- **Work task**:
Exactly as they appear, print the line with "Babro 1120 Star mieten" and each line after it through the end of the entries below; leave out pictures.

- **Task input**:
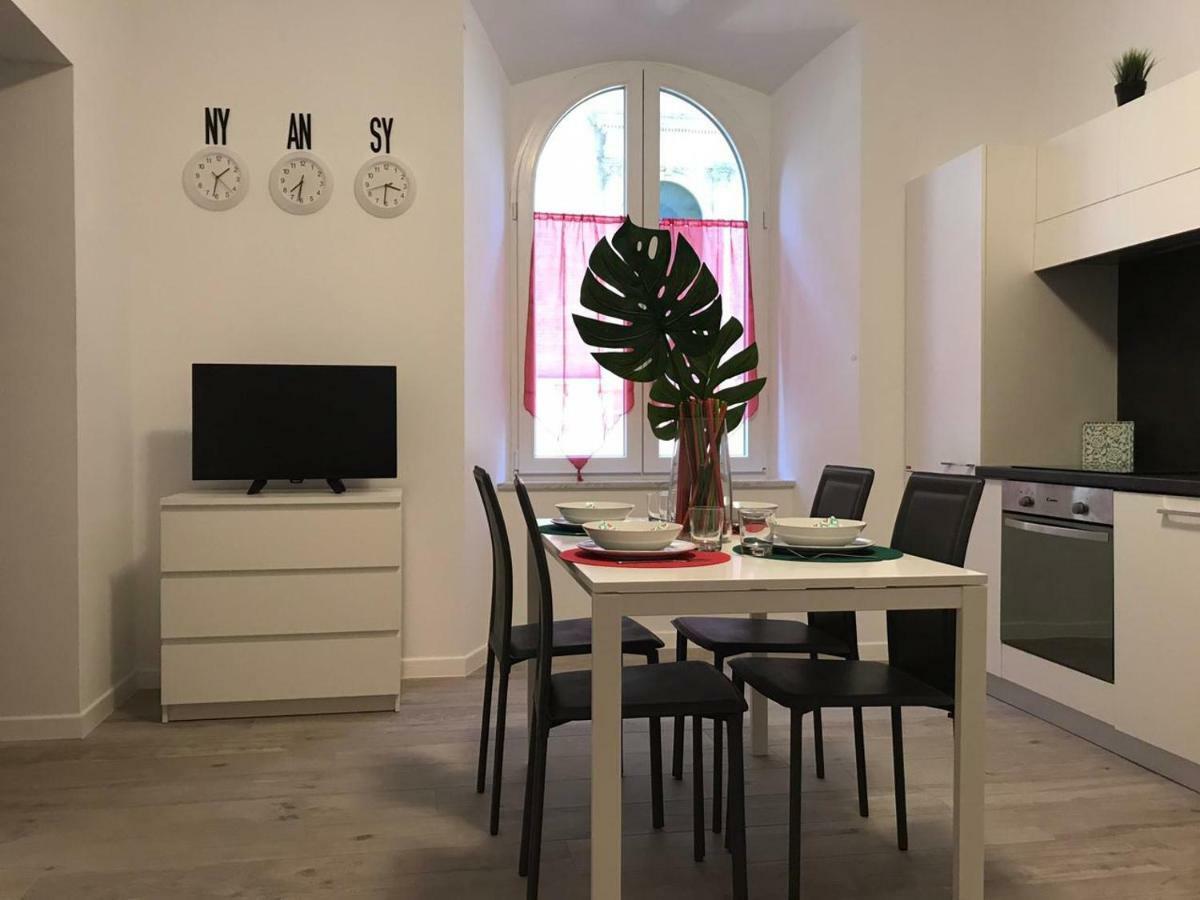 Casa Ohana Ancona Exteriör bild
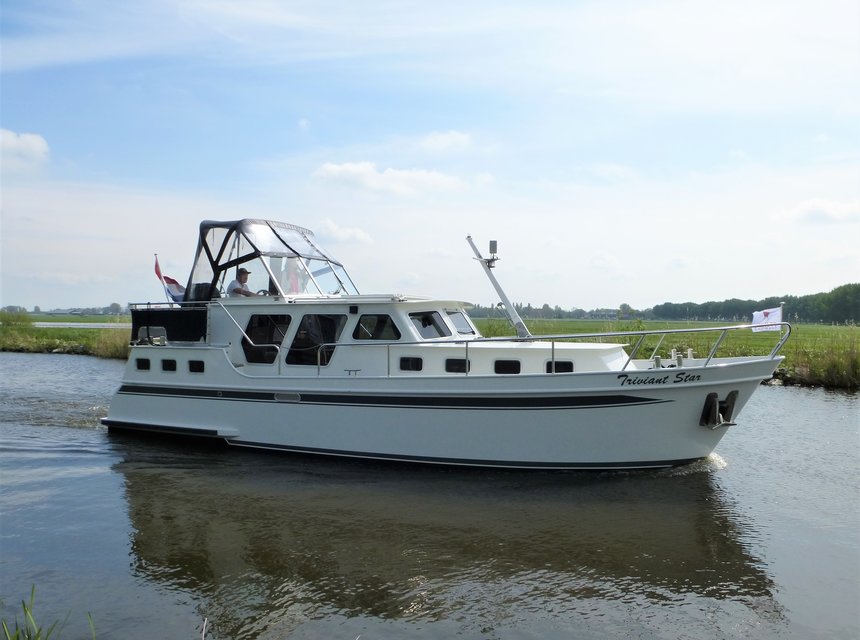 Babro 1120 Star mieten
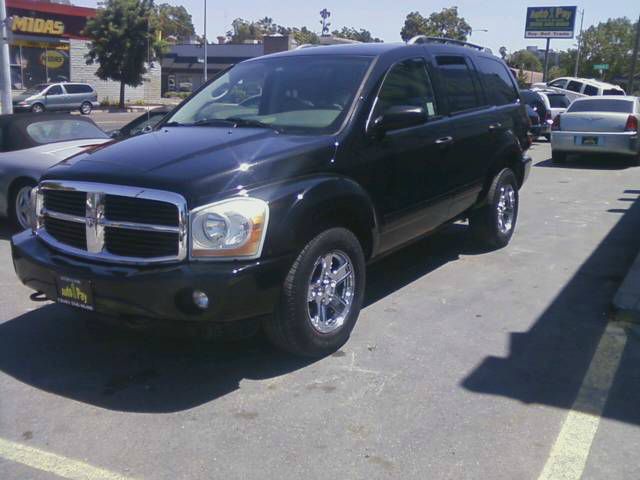 2004 Dodge Durango Wagon SE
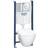 Grohe Solido Compact Set (38973)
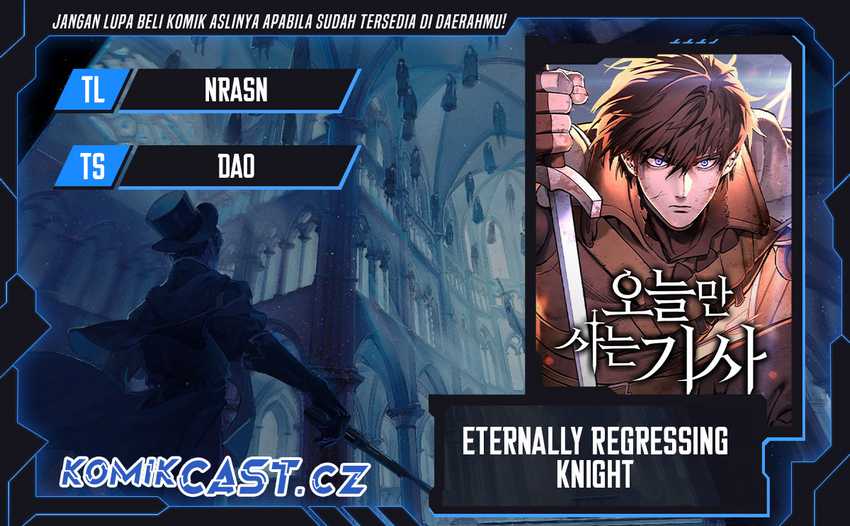 Baca Komik Eternally Regressing Knight Chapter 16 Gambar 1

- **Answer to the exercise**:
 Babro 1120 Star mieten
 2004 Dodge Durango Wagon SE
 Grohe Solido Compact Set (38973)
 Baca Komik Eternally Regressing Knight Chapter 16 Gambar 1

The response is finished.